## What the task asks
Retype, exactly and completely, the listing that comes next, skipping its images.

═════ Material to process ═════

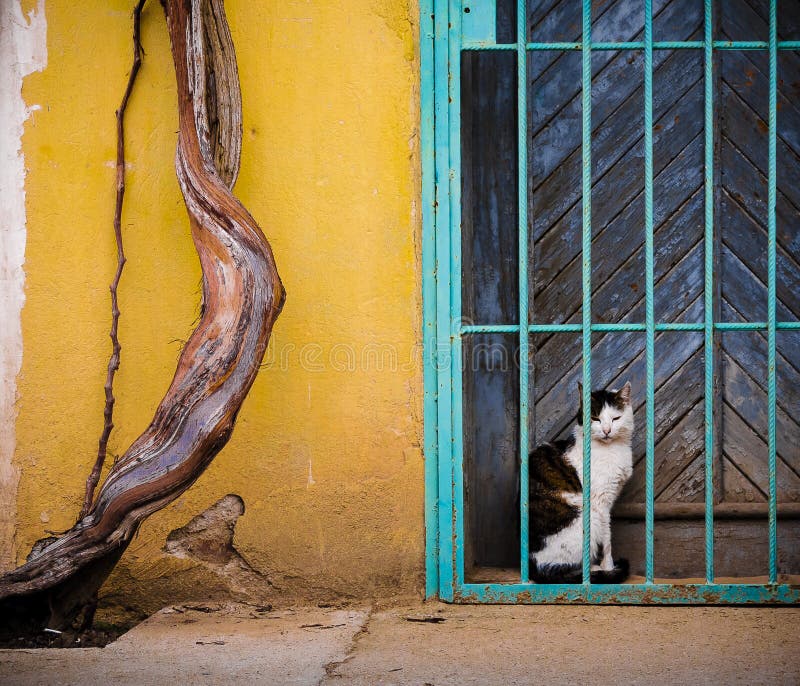 Gato preto e branco atrás das barras 1 foto de stock Gato preto e branco atrás das barras 1 foto de stock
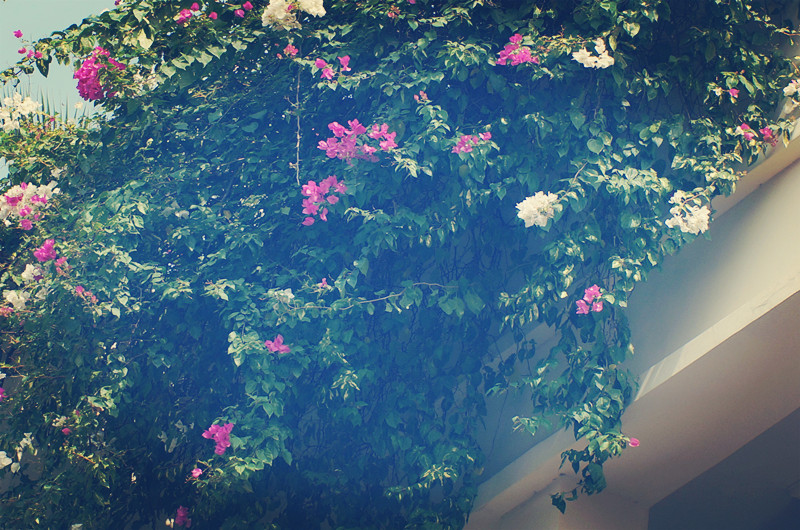 2023高中必背英语词汇3500词,2021高一英语必修一单词跟读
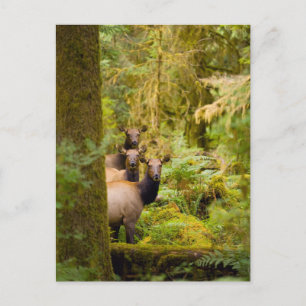 Carte Postale Trois Vaches De Elk Roosevelt Regardant Vue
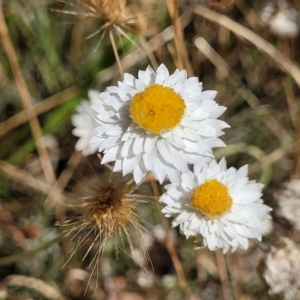 Leucochrysum albicans subsp. tricolor at Gundaroo, NSW - 3 Jan 2023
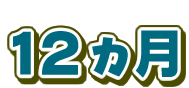 12J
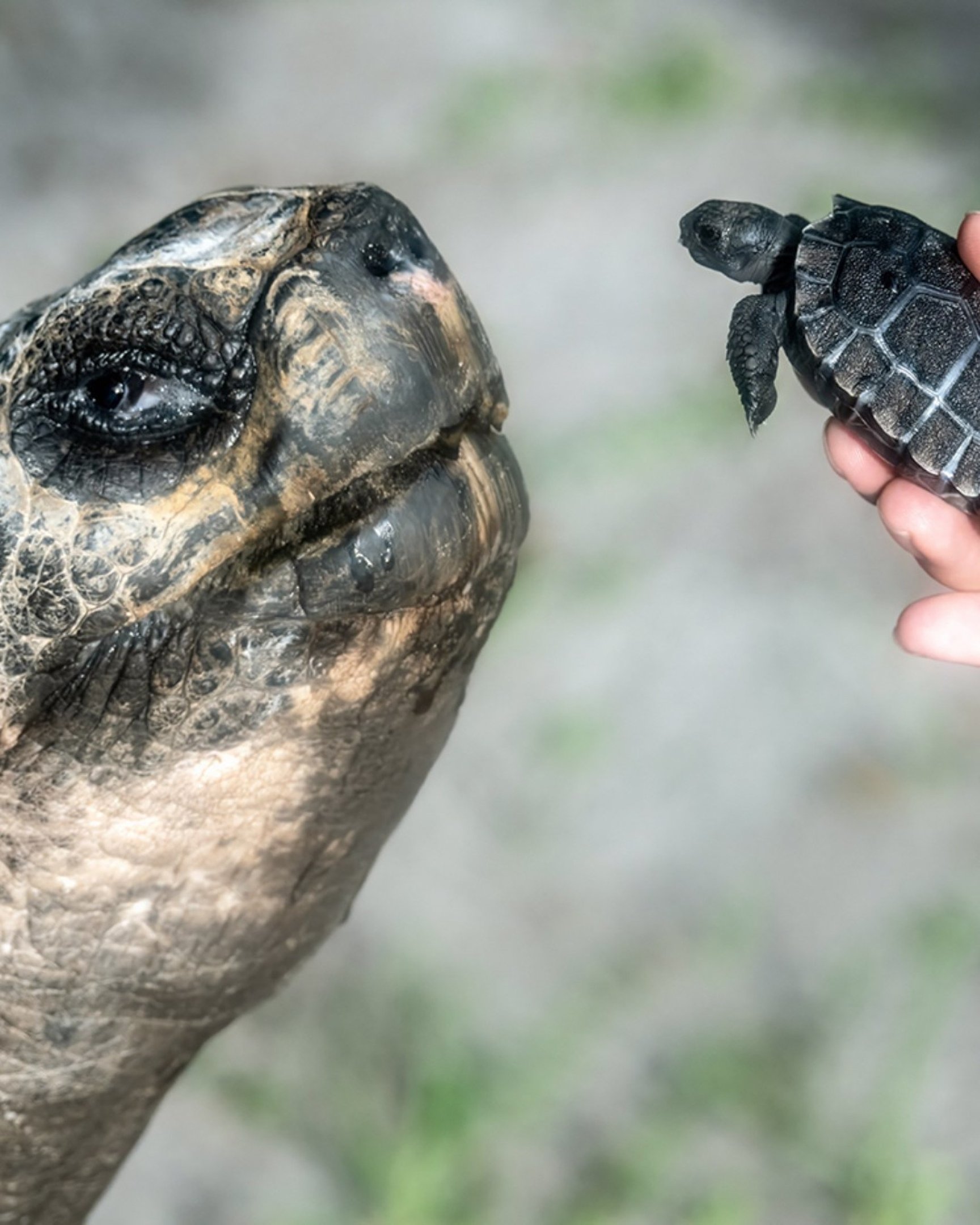 Tartaruga de 135 anos é pai pela primeira vez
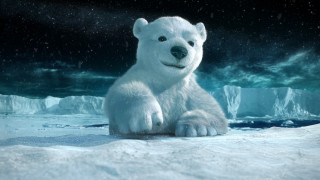 Polar bear snowy surface sky - a snowy surface free wallpaper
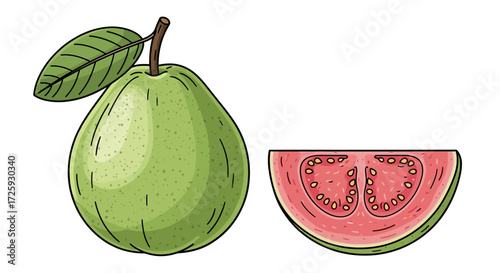 Illustration of a whole guava fruit with a leaf and a halved guava showing the pink flesh and seeds.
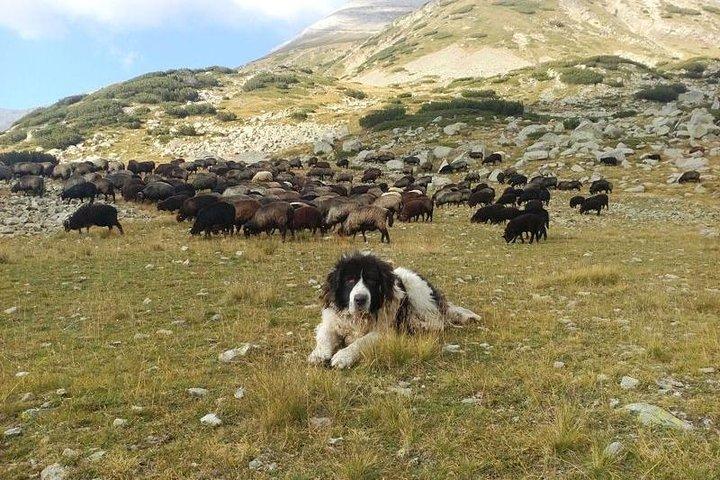 Seeing Unique Bulgarian Breeds of Pets and Privately Tasting Organic Products - photo 5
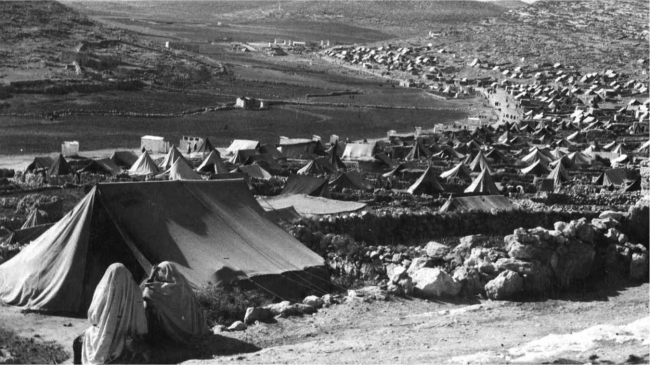 Filistinlilerin büyük felaketi: Nekbe 7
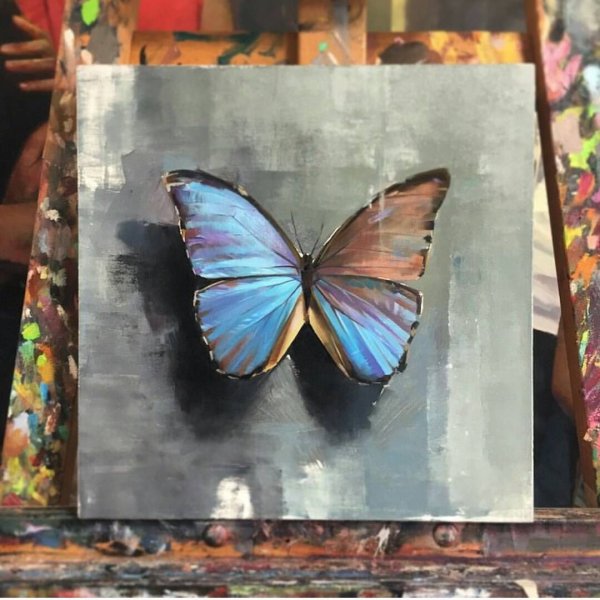 Бабочки маслом на холсте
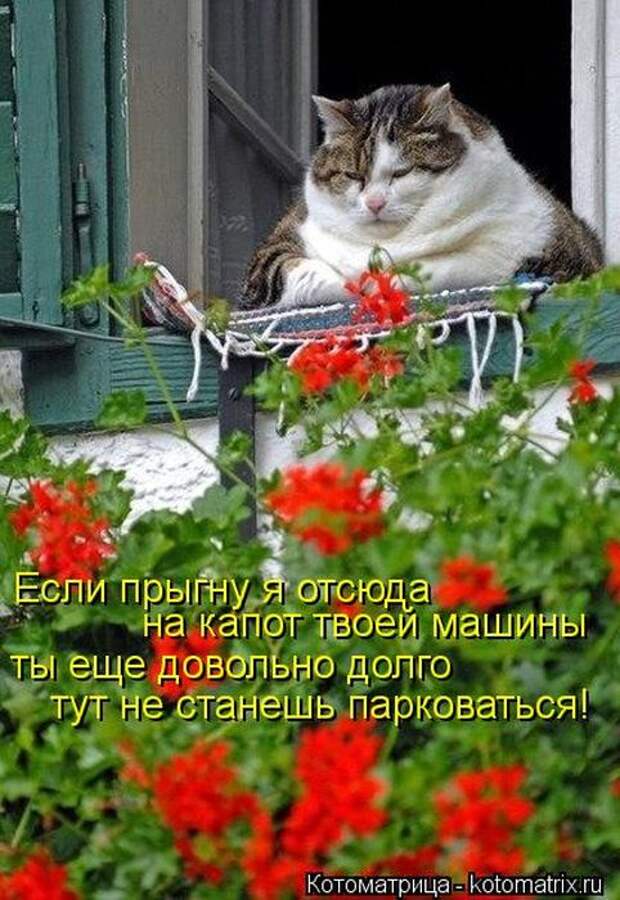 Котоматрицы(картинки с надписями)
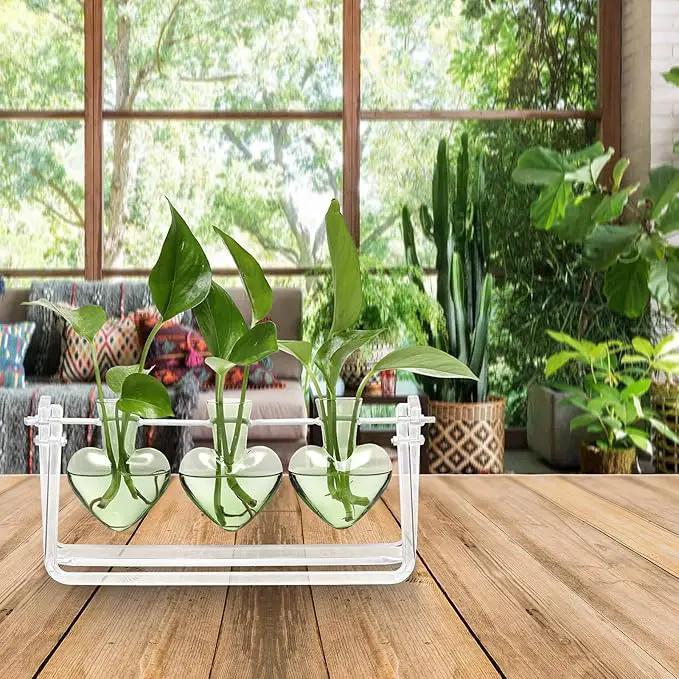 Plant Terrarium Propagation Stations with Wooden Stand Birthday Gifts for Women Plant Stand Indoor Office Home Decor by GreenHaven Gardens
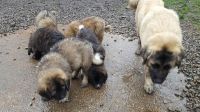 Caucasian Shepherd Puppies Photos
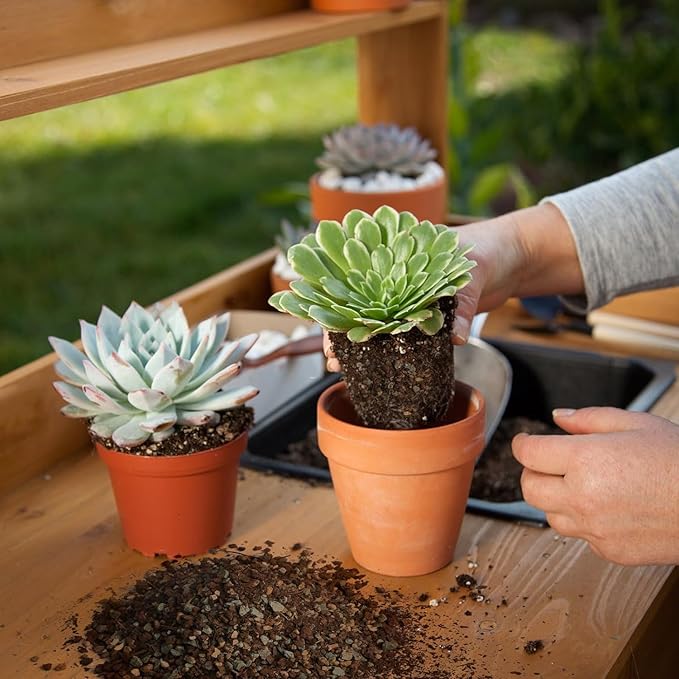 Succulent & Cactus Soil Potting Mix 2qt, Natural Organic Potting Mix for Cactus, Succulent, Palm, and Citrus Grown in Containers Indoors and Outdoors
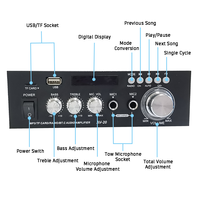 AV20 Dijital FM Radyo Stereo Amplifikatör 20W+20W Çift Mikrofonlu USB Ev Sinema Sistemi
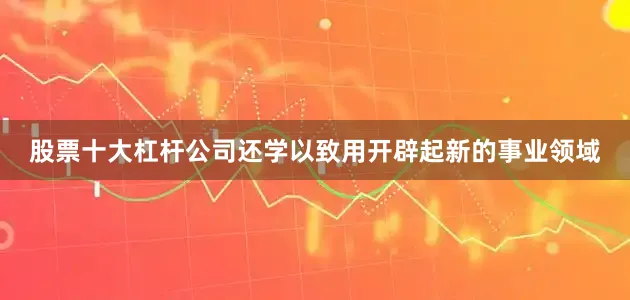 股票十大杠杆公司还学以致用开辟起新的事业领域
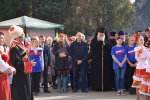 Тихорецкий Район Фото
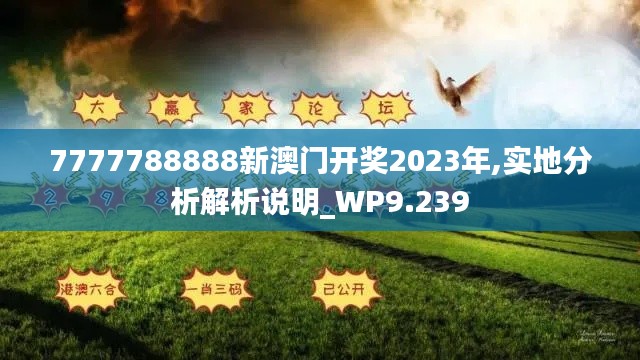 7777788888新澳门开奖2023年,实地分析解析说明_WP9.239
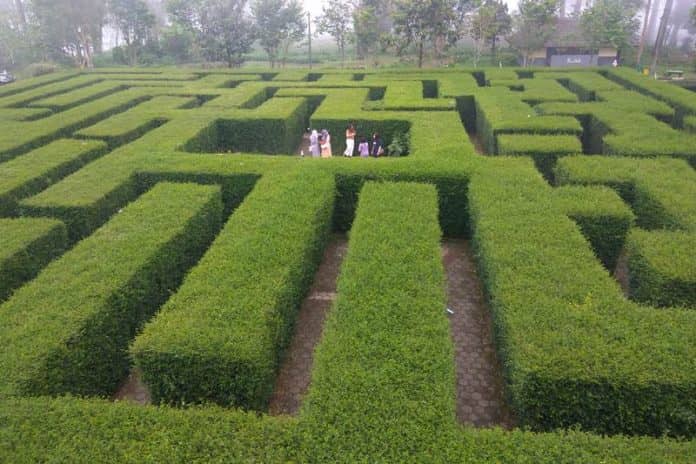 Labirin di Taman Wisata Jambi Paradise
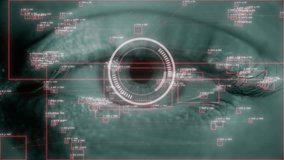 Blue digital eye with red biometric data. Future innovation face identification hi-tech technology. Total surveillance and retina ID concept - Powered by Shutterstock - Get 15% off with code: PIKWIZARD15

═════

## Response area
 Gato preto e branco atrás das barras 1 foto de stock Gato preto e branco atrás das barras 1 foto de stock
 2023高中必背英语词汇3500词,2021高一英语必修一单词跟读
 Carte Postale Trois Vaches De Elk Roosevelt Regardant Vue
 Leucochrysum albicans subsp. tricolor at Gundaroo, NSW - 3 Jan 2023
 12J
 Tartaruga de 135 anos é pai pela primeira vez
 Polar bear snowy surface sky - a snowy surface free wallpaper
 Illustration of a whole guava fruit with a leaf and a halved guava showing the pink flesh and seeds.
 Seeing Unique Bulgarian Breeds of Pets and Privately Tasting Organic Products - photo 5
 Filistinlilerin büyük felaketi: Nekbe 7
 Бабочки маслом на холсте
 Котоматрицы(картинки с надписями)
 Plant Terrarium Propagation Stations with Wooden Stand Birthday Gifts for Women Plant Stand Indoor Office Home Decor by GreenHaven Gardens
 Caucasian Shepherd Puppies Photos
 Succulent & Cactus Soil Potting Mix 2qt, Natural Organic Potting Mix for Cactus, Succulent, Palm, and Citrus Grown in Containers Indoors and Outdoors
 AV20 Dijital FM Radyo Stereo Amplifikatör 20W+20W Çift Mikrofonlu USB Ev Sinema Sistemi
 股票十大杠杆公司还学以致用开辟起新的事业领域
 Тихорецкий Район Фото
 7777788888新澳门开奖2023年,实地分析解析说明_WP9.239
 Labirin di Taman Wisata Jambi Paradise
 Blue digital eye with red biometric data. Future innovation face identification hi-tech technology. Total surveillance and retina ID concept - Powered by Shutterstock - Get 15% off with code: PIKWIZARD15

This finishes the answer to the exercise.